Author : Ian Campbell
Publisher : Oxford University Press
Page : 524 pages
File Size : 28,48 MB
Release : 2017-08-15
Category : History
ISBN : 0190874309
In February 1937, following an abortive attack by a handful of insurgents on Mussolini's High Command in Italian-occupied Ethiopia, 'repression squads' of armed Blackshirts and Fascist civilians were unleashed on the defenseless residents of Addis Ababa. In three terror-filled days and nights of arson, murder and looting, thousands of innocent and unsuspecting men, women and children were roasted alive, shot, bludgeoned, stabbed to death, or blown to pieces with hand-grenades. Meanwhile the notorious Viceroy Rodolfo Graziani, infamous for his atrocities in Libya, took the opportunity to add to the carnage by eliminating the intelligentsia and nobility of the ancient Ethiopian empire in a pogrom that swept across the land. In a richly illustrated and ground-breaking work backed up by meticulous and scholarly research, Ian Campbell reconstructs and analyses one of Fascist Italy's least known atrocities, which he estimates eliminated 19-20 per cent of the capital's population. He exposes the hitherto little known cover-up conducted at the highest levels of the British government, which enabled the facts of one of the most hideous civilian massacres of all time to be concealed, and the perpetrators to walk free.
Author : George W. Baer
Publisher : Stanford, Calif. : Hoover Institution Press
Page : 392 pages
File Size : 46,93 MB
Release : 1976
Category : History
ISBN :
Author : David Nicolle
Publisher : Bloomsbury Publishing
Page : 120 pages
File Size : 48,64 MB
Release : 2012-07-20
Category : History
ISBN : 1782001328
In October 1935 Mussolini ordered the invasion of Ethiopia from Italian-held Eritrea and Somaliland, thinking that he would easily crush an ill-prepared and badly equipped enemy. The Italians, in the face of widespread condemnation from the League of Nations, spread terror and destruction through their indiscriminate use of air power and poison gas against an enemy more used to medieval methods of warfare. David Nicolle examines in detail the units, equipment and uniforms of the forces on both sides of this conflict that unrealistically bolstered Il Duce's colonial ambitions. A great read ably supported by Raffaele Ruggeri's detailed full-page colour plates.
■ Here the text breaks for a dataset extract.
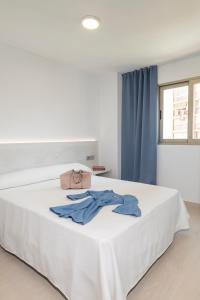 Postel nebo postele na pokoji v ubytování Aparthotel BCL Levante Lux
Author : Paolo Bertella Farnetti
Publisher : Cambridge Scholars Publishing
Page : 272 pages
File Size : 45,67 MB
Release : 2017-11-06
Category : History
ISBN : 152750414X
The twentieth century saw a proliferation of media discourses on colonialism and, later, decolonisation. Newspapers, periodicals, films, radio and TV broadcasts contributed to the construction of the image of the African “Other” across the colonial world. In recent years, a growing body of literature has explored the role of these media in many colonial societies. As regards the Italian context, however, although several works have been published about the links between colonial culture and national identity, none have addressed the specific role of the media and their impact on collective memory (or lack thereof). This book fills that gap, providing a review of images and themes that have surfaced and resurfaced over time. The volume is divided into two sections, each organised around an underlying theme: while the first deals with visual memory and images from the cinema, radio, television and new media, the second addresses the role of the printed press, graphic novels and comics, photography and trading cards.
Author : David Forgacs
Publisher : Cambridge University Press
Page : 339 pages
File Size : 48,74 MB
Release : 2014-03-27
Category : History
ISBN : 1107052173
Five case studies show how different people and places were marginalized and socially excluded as the Italian nation-state was formed.